One of the basic functionality of SinGAN is to generate fake images that are hard to distinguish from the real one. SinGAN can generate fakes of variable size and aspect ratio by just changing the size of the input noise map. When generating fakes, the model produces new structures while still maintaining the visual content of the original image. Interestingly, SinGAN is not only able to preserve reflections but in many cases even synthesize it

Can you identify the real images from the fake ones? Below is a gallery of a mix of samples generated from sinGAN. Guess whether an image is real or a fake and move your mouse cursor over the image to find whether you were right or wrong!

Architecture

SinGAN has a pyramid architecture with N levels; each level consisting of a GAN (a pair of G0 and D0). I was responsible for creating this pyramid of GANs. The number of levels (N) is calculated based on the image size to optimize for training resources. For the project, the maximal dimension of the input mage is set to 250px while maintaing the aspect ratio. During the training, the output from each level is used as the input to the next level. However, the initial input to the pyramid, to the coarsest level, is a random noise map. Each level of the pyramid evaluates patches from the input image in a coarse-to-fine fashion.

The architecture for generators and discriminators for all levels remain the same. Both are fully convolutional and a patch of noise is added to the output from previous level and the result is passed through the generator. At the coarsest level, the number of kernels is 32 and we double the number of kernels every 4 levels as in the original implementation. The receptive field is set at the coarsest layer and remains constant (11 × 11) for every layer. As we move up the pyramid, the image is upscaled but a fixed receptive field means a varying effective patch size as shown by the yellow block.

Applications

Apart from random sample generation, SinGAN can be used to perform multiple image manipulative tasks like paint-to-image, editing, harmonization, super-resolution and animation from a single image. All such manipulation tasks can be performed by simply using the trained model without any further tuning. However, the team implemented two maniupulation tasks: Editing and Harmonization

Editing

During the editing task, we copy certain patches of the original image and paste them in other locations in the same image. SinGAN can effectively regenerate fine texture and seamlessly stitch those pasted parts and create realistic images.

Injecting image at different levels of the pyramid impacts how the final output looks like. The change in output is because the effective patch size of GAN in each scale layer is different. As the injection scale decreases, the outcome is more like the edited input. The lower the injection scale, the smaller the structures modified in the output.
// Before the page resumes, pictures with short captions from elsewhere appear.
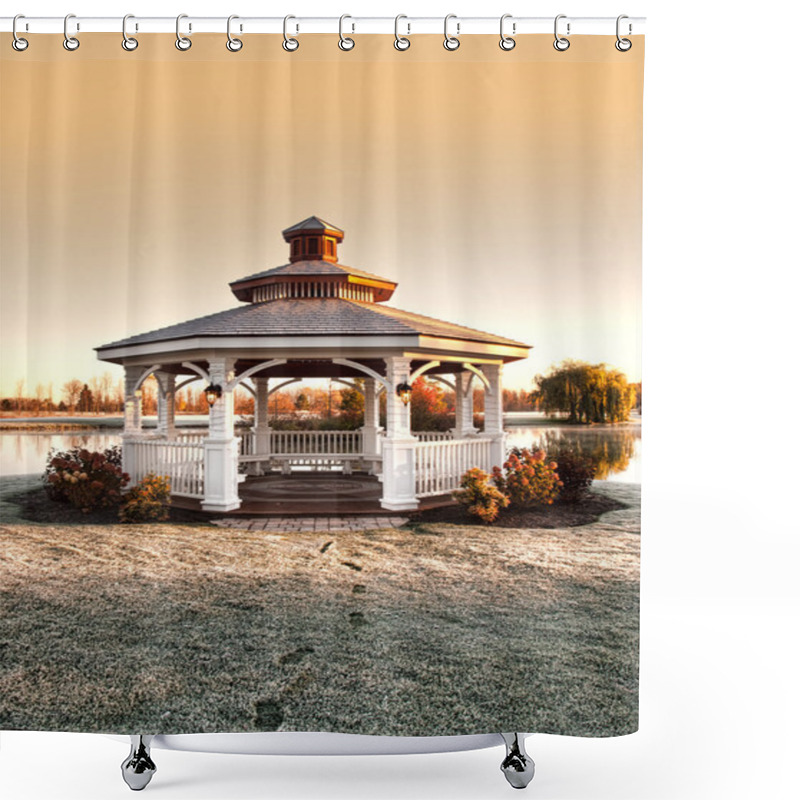 Personality  Gazebo Shower Curtains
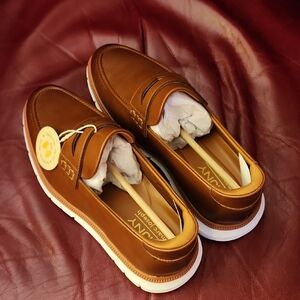Marc Joseph New York Cognac Loafers Mens Size 9.5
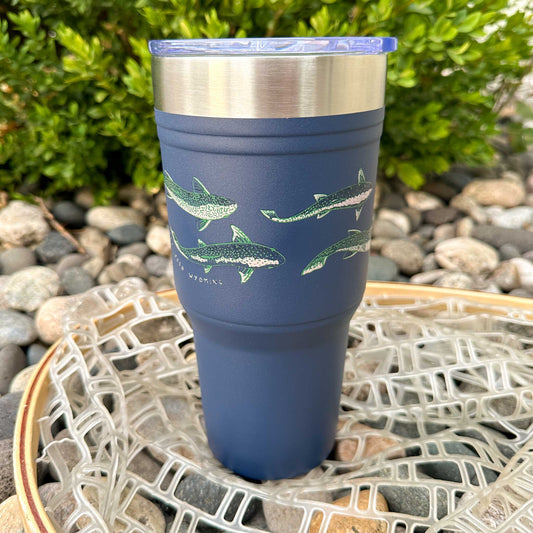 Trout Run 30oz Stainless Steel Tumbler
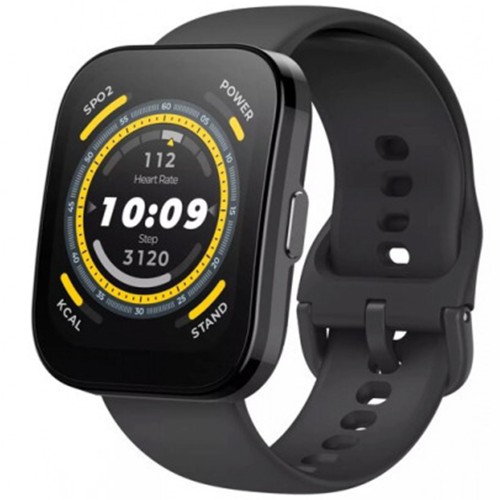 Amazfit Bip 5 Smartwatch με Παλμογράφο (Soft Black)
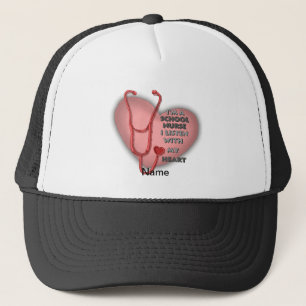 Infirmière casquette du coeur rouge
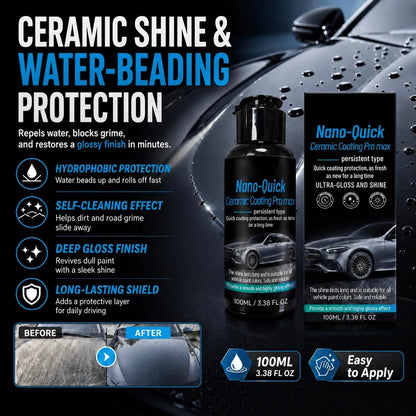 ✨🚗High-Gloss Nano Ceramic Spray – Mirror Shine & Long-Lasting Protection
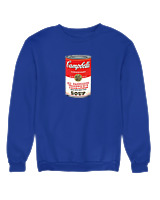 Φούτερ χωρίς κουκούλα Γυναικείο - Campbells - Color Thumbnail Μπλε Ρουά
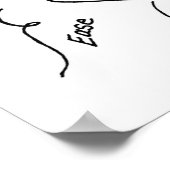 'Vision'-Poster Poster (Ecke)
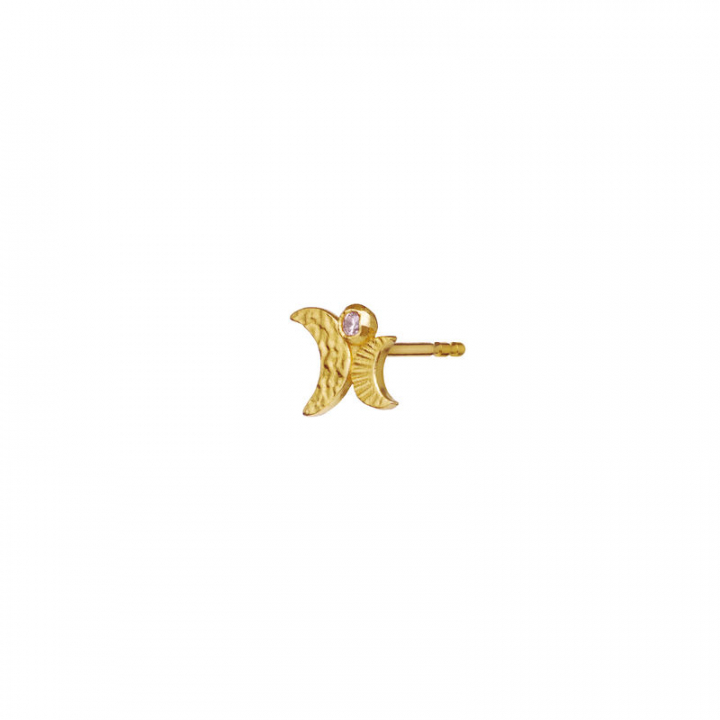 Twilla Single Earring Gold in the group Earrings / Gold Earrings at SCANDINAVIAN JEWELRY DESIGN (9867A)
For injection scale 7, more global properties are changed but for injection scale 1, only local textures are changed but the global structure remains the same. Based on experiments, injection scale of 2, 3 and 4 (for level 4, 5 or 6 respectively) works best.

Harmonization

Harmonization is a cool technique where style of images are explicitlye matched before blending them. Using a multi-level technique allows us to transfer the appearance of one image to another. To achieve this technique, SinGAN is first trained on a background image. Then an input image with newly added content to the original image is injected and realistically blended with the style of the background. Similarly to editing, the injection scale impacts the final output. The best results are achieved at scales 3 or 4 because the newly added content maintains its structure while it is converted to the background’s style.